TASK:
Repeat, word for word, all the data that follows, and exclude the pictures.

RECORDED INFORMATION:
::::::::
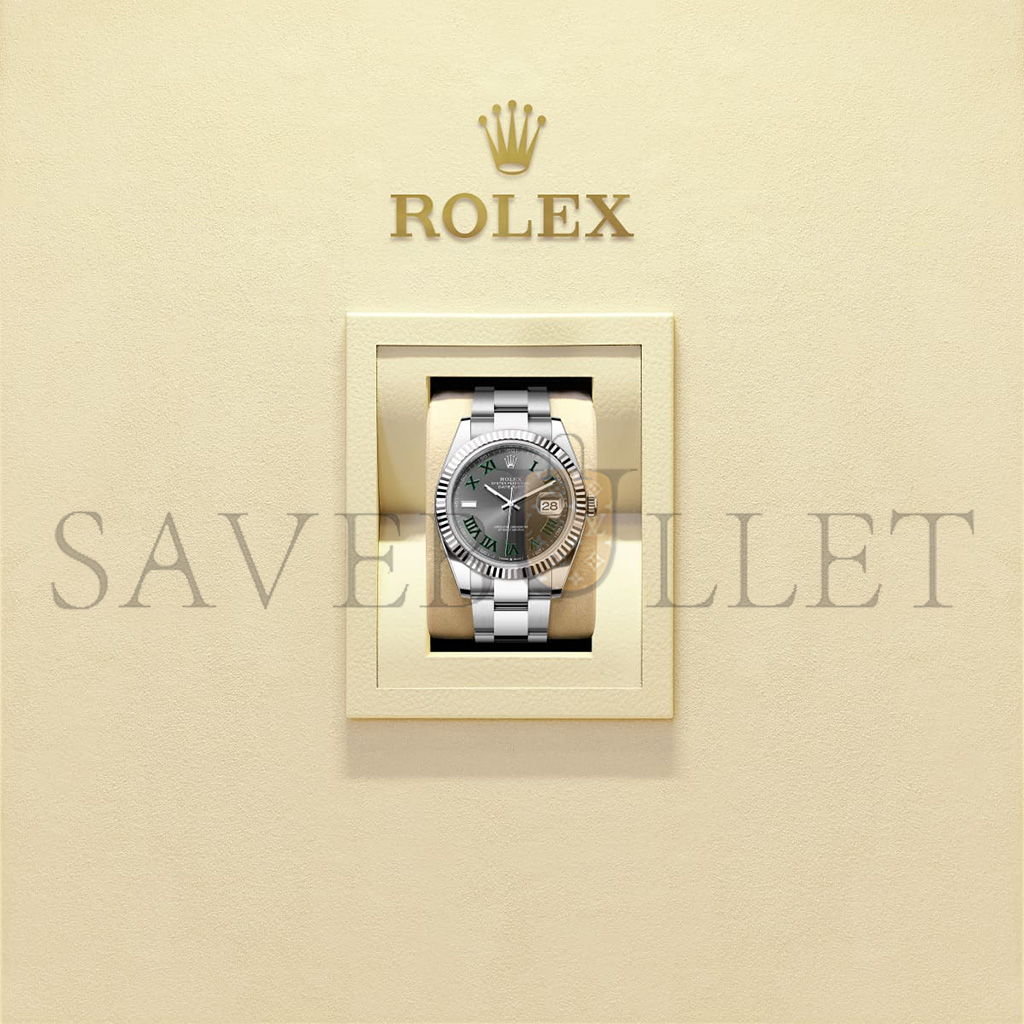R*l*x datejust 41 oyster, 41 mm, oystersteel and white gold watch 126334-0021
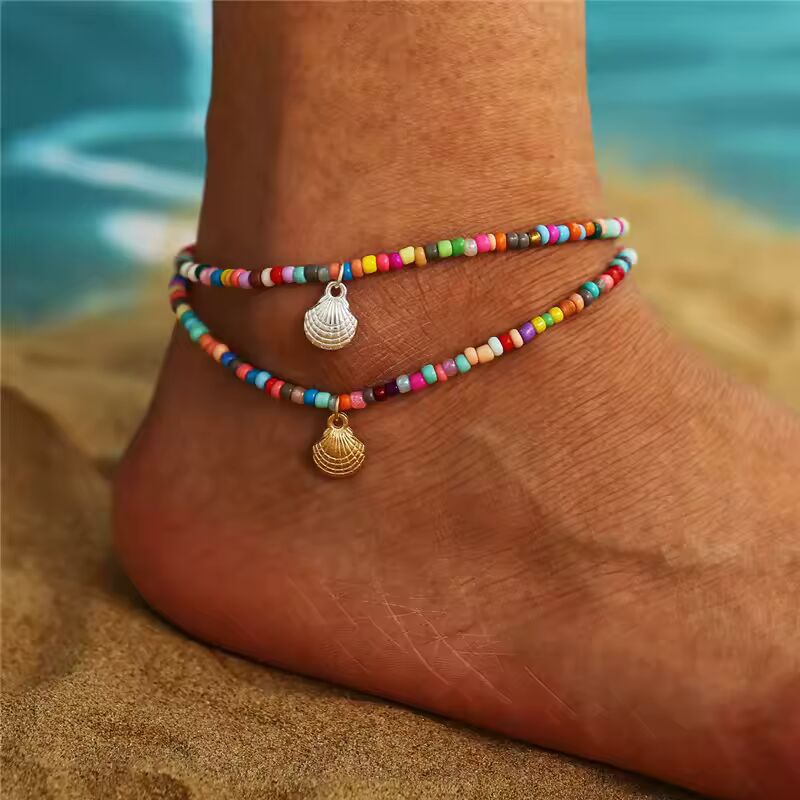 Modyle Bohemian Colorful Beads Shell Anklets for Women Summer Ocean Beach Ankle Bracelet Foot Leg Jewelry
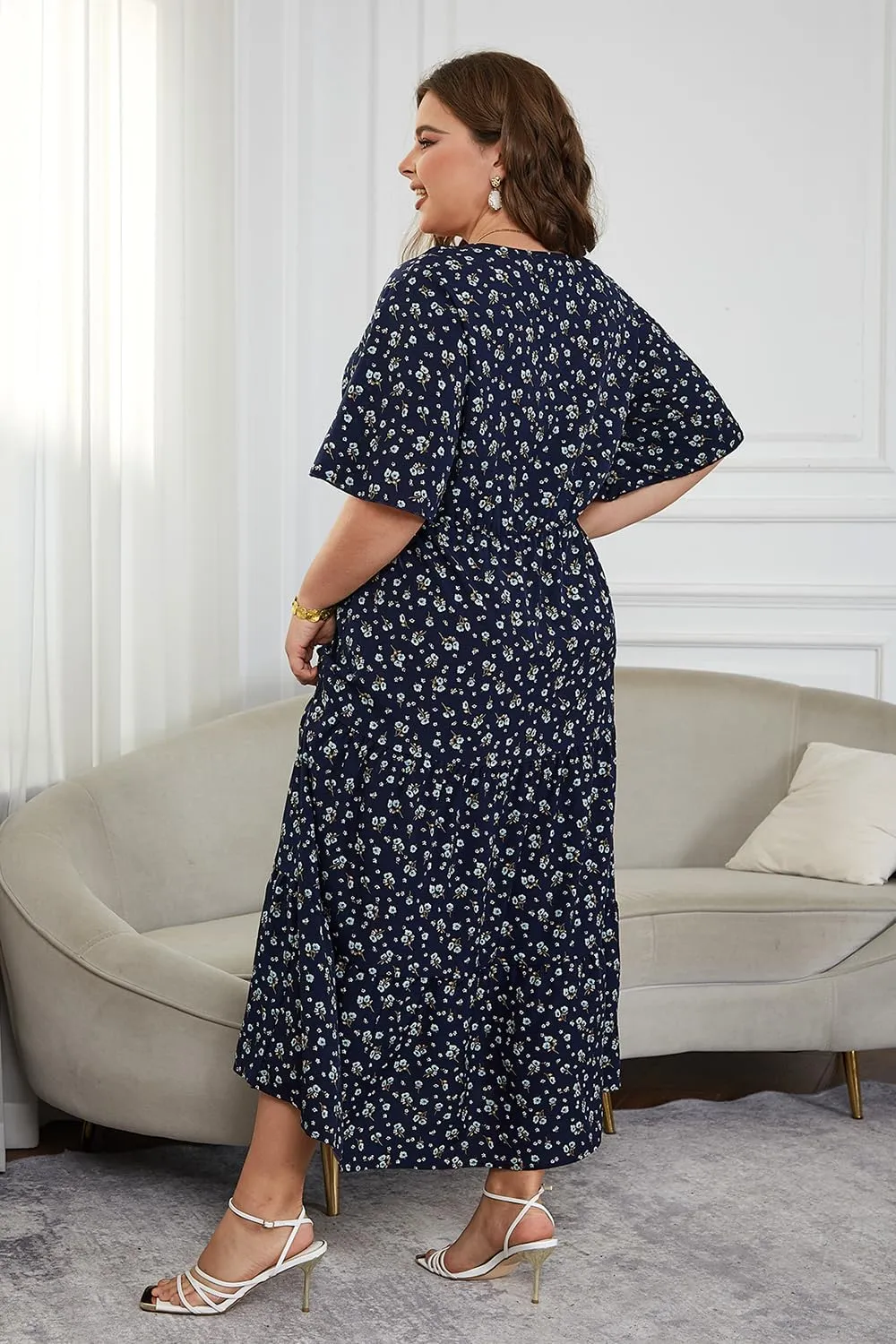 Keluummi Plus Size Wedding Guest Maxi Dresses for Curvy Women, Summer Casual Boho Floral Long Party Sundress with 3/4 Sleeve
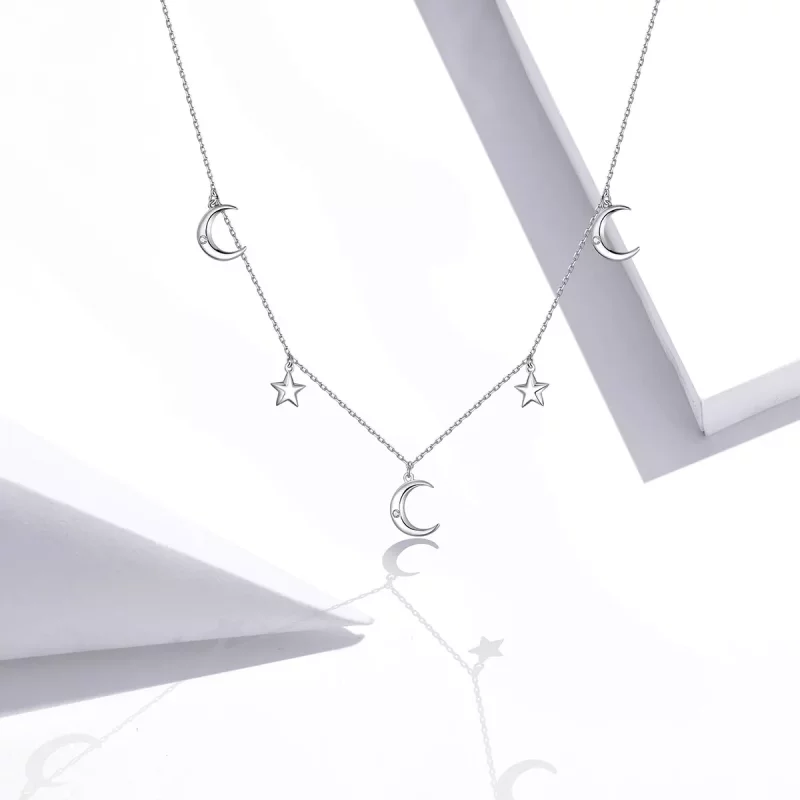 (afbeelding voor) Pandora Style Maan en ster Chain Ketting - SCN411 - Bekijken 5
::::::::
RESPONSE:
R*l*x datejust 41 oyster, 41 mm, oystersteel and white gold watch 126334-0021
 Modyle Bohemian Colorful Beads Shell Anklets for Women Summer Ocean Beach Ankle Bracelet Foot Leg Jewelry
 Keluummi Plus Size Wedding Guest Maxi Dresses for Curvy Women, Summer Casual Boho Floral Long Party Sundress with 3/4 Sleeve
 (afbeelding voor) Pandora Style Maan en ster Chain Ketting - SCN411 - Bekijken 5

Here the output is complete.